4

I've been working on a PowerShell script using Streamreader (and StreamWriter) to parse a large file into smaller reports. While doing some searching around on the best way to put this thing together, I've found there are two methods largely used to read content to the end of the file.

1 - while ($reader.Peek() -ge 0) { $line = $reader.Readline() ... }

2 - while (($line = $read.ReadLine()) -ne $null) { do stuff ... }

From the documentation, it looks like Peek will read the next value, but not change the position of the reader. It looks like ReadLine will essentially do the same, but read a whole string/line. I feel like this is a "no-duh" question - is it really more efficient to actually peek at a value before reading the line, or is it just an extra step before assigning the reader to a variable?

Thank you in advance!

briantist
  • 45,546
  • 6
  • 82
  • 127
LakeWater
  • 43
  • 3

1 Answers1

3

Since you need lines anyway, I see no reason to Peek(). If you really want to check whether you're at the end, then the .EndOfStream property is likely to be more accurate anyway.

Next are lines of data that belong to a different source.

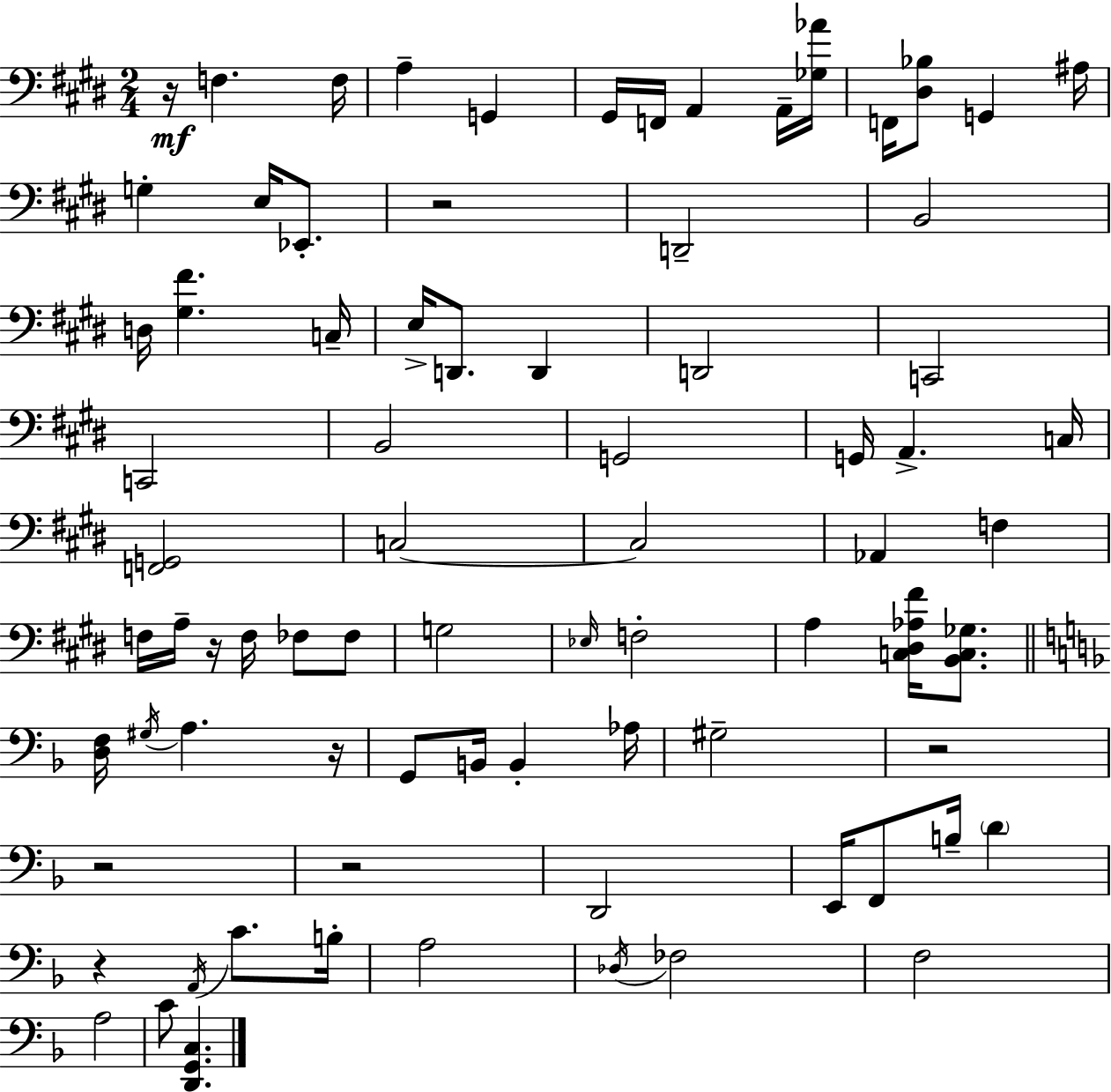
X:1
T:Untitled
M:2/4
L:1/4
K:E
z/4 F, F,/4 A, G,, ^G,,/4 F,,/4 A,, A,,/4 [_G,_A]/4 F,,/4 [^D,_B,]/2 G,, ^A,/4 G, E,/4 _E,,/2 z2 D,,2 B,,2 D,/4 [^G,^F] C,/4 E,/4 D,,/2 D,, D,,2 C,,2 C,,2 B,,2 G,,2 G,,/4 A,, C,/4 [F,,G,,]2 C,2 C,2 _A,, F, F,/4 A,/4 z/4 F,/4 _F,/2 _F,/2 G,2 _E,/4 F,2 A, [C,^D,_A,^F]/4 [B,,C,_G,]/2 [D,F,]/4 ^G,/4 A, z/4 G,,/2 B,,/4 B,, _A,/4 ^G,2 z2 z2 z2 D,,2 E,,/4 F,,/2 B,/4 D z A,,/4 C/2 B,/4 A,2 _D,/4 _F,2 F,2 A,2 C/2 [D,,G,,C,]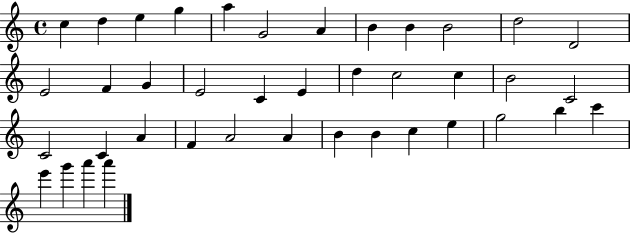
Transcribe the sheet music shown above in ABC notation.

X:1
T:Untitled
M:4/4
L:1/4
K:C
c d e g a G2 A B B B2 d2 D2 E2 F G E2 C E d c2 c B2 C2 C2 C A F A2 A B B c e g2 b c' e' g' a' a'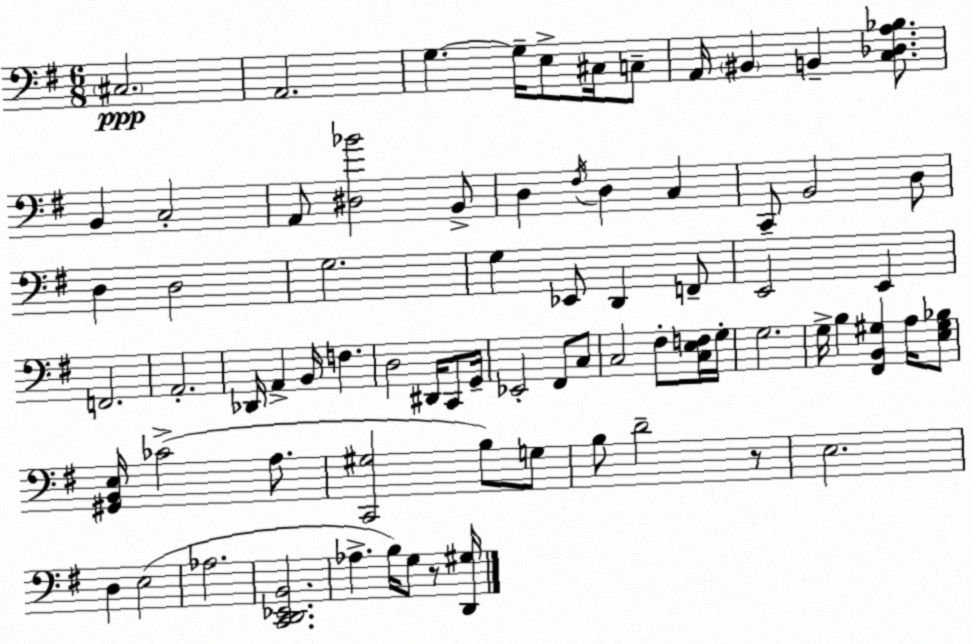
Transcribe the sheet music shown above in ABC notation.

X:1
T:Untitled
M:6/8
L:1/4
K:Em
^C,2 A,,2 G, G,/4 E,/2 ^C,/4 C,/2 A,,/4 ^B,, B,, [C,_D,A,_B,]/2 B,, C,2 A,,/2 [^D,_B]2 B,,/2 D, ^F,/4 D, C, C,,/2 B,,2 D,/2 D, D,2 G,2 G, _E,,/2 D,, F,,/2 E,,2 E,, F,,2 A,,2 _D,,/4 A,, B,,/4 F, D,2 ^D,,/4 C,,/2 G,,/4 _E,,2 ^F,,/2 C,/2 C,2 ^F,/2 [C,E,F,]/4 G,/4 G,2 G,/4 B, [^F,,B,,^G,] A,/4 [E,^G,_B,]/2 [^G,,B,,E,]/4 _C2 A,/2 [C,,^G,]2 B,/2 G,/2 B,/2 D2 z/2 E,2 D, E,2 _A,2 [C,,D,,_E,,B,,]2 _A, B,/4 G,/2 z/2 [D,,^G,]/4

As discussed here, .Peek() can return -1 when errors occur as well, not just when the end of stream is reached. Most answers there also recommend avoiding it and just using .ReadLine().

mklement0 also mentioned using System.IO.File.ReadLines. This returns an enumerable so you can just call it with a path and use it like other enumerables, without loading all the lines at once (so it still works with large files).

You could use it with foreach or with ForEach-Object, for example:

foreach ($line in ([System.IO.File]::ReadLines('path\to\file'))) {
    $line
}


[System.IO.File]::ReadLines('path\to\file') | ForEach-Object -Process {
    $_
}

$reader = [System.IO.File]::ReadLines('path\to\file')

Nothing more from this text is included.